■ **EXERCISE INSTRUCTIONS**:
Could the data below be copied exactly, minus the pictures?

*** GIVEN MATERIAL ***

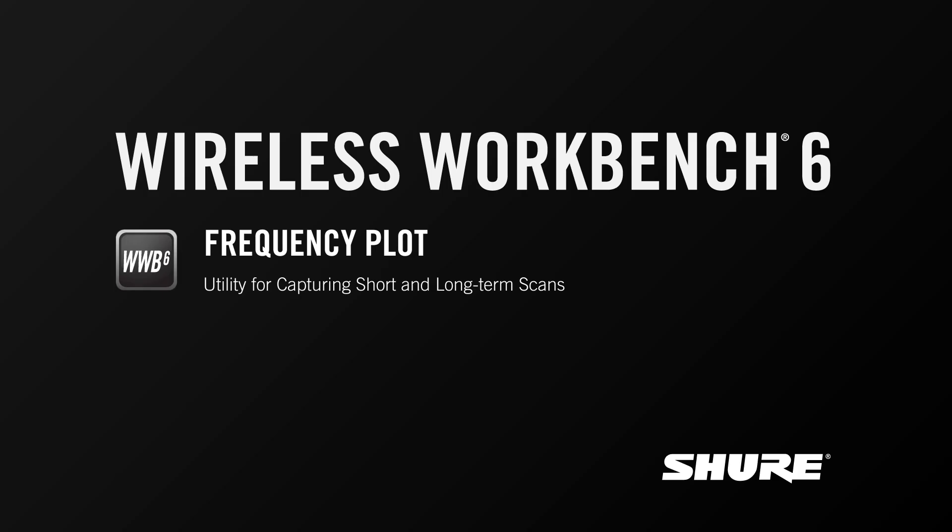Hey, this is Sam from Shure. In this video tutorial, I'm going to talk all about the Frequency Plot, a utility in wireless workbench built to capture short and long-term scans.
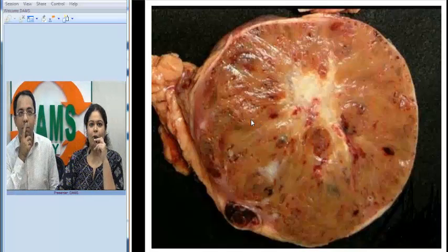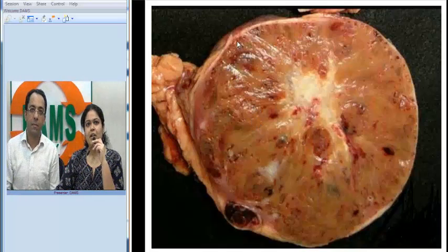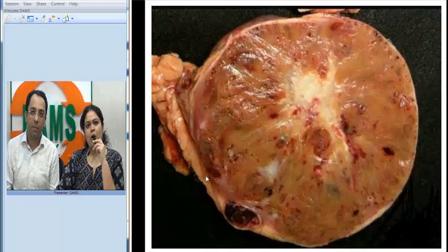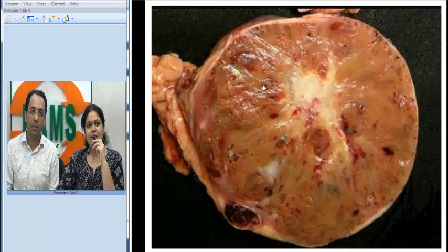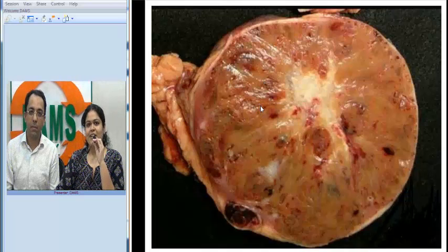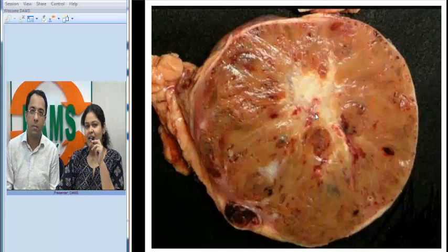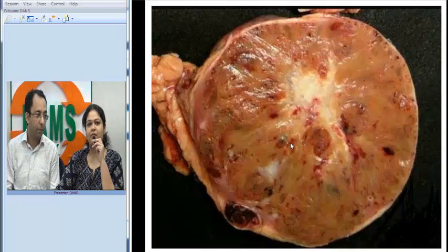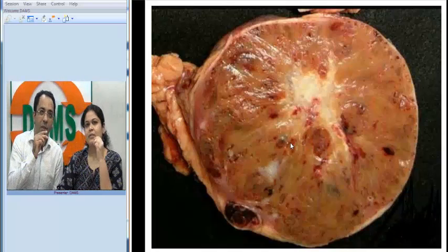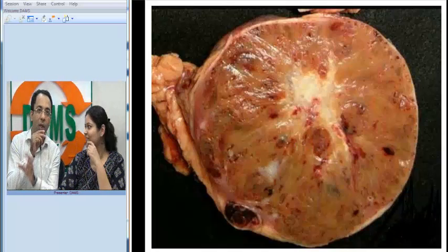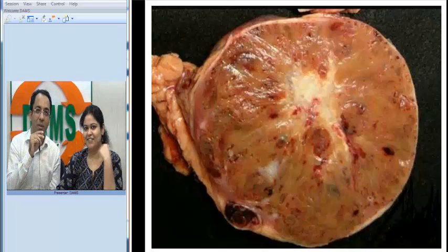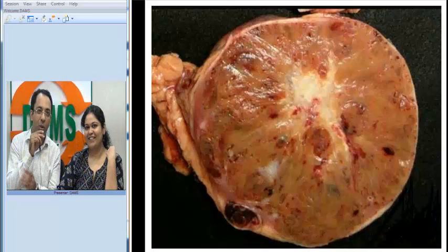The gross picture of oncocytoma is very typical. We see a well-circumscribed but non-encapsulated lesion that is mahogany brown in color — this color is best appreciated on the gross specimen. When you see this color combined with a central scar, it tells you it is oncocytoma, as Sir mentioned, in about 30% of cases. The scar correlates beautifully with what was seen on the radiological image.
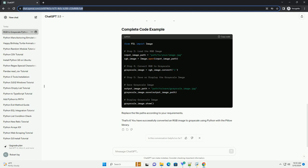You can save the resulting grayscale image or display it using the following code. Replace path/to/save/grayscale_image.jpg with the desired path to save the grayscale image. This will open the image using the default image viewer.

***

■ **ANSWER TO THE PROBLEM**:
Hey, this is Sam from Shure. In this video tutorial, I'm going to talk all about the Frequency Plot, a utility in wireless workbench built to capture short and long-term scans.
The gross picture of oncocytoma is very typical. We see a well-circumscribed but non-encapsulated lesion that is mahogany brown in color — this color is best appreciated on the gross specimen. When you see this color combined with a central scar, it tells you it is oncocytoma, as Sir mentioned, in about 30% of cases. The scar correlates beautifully with what was seen on the radiological image.
You can save the resulting grayscale image or display it using the following code. Replace path/to/save/grayscale_image.jpg with the desired path to save the grayscale image. This will open the image using the default image viewer.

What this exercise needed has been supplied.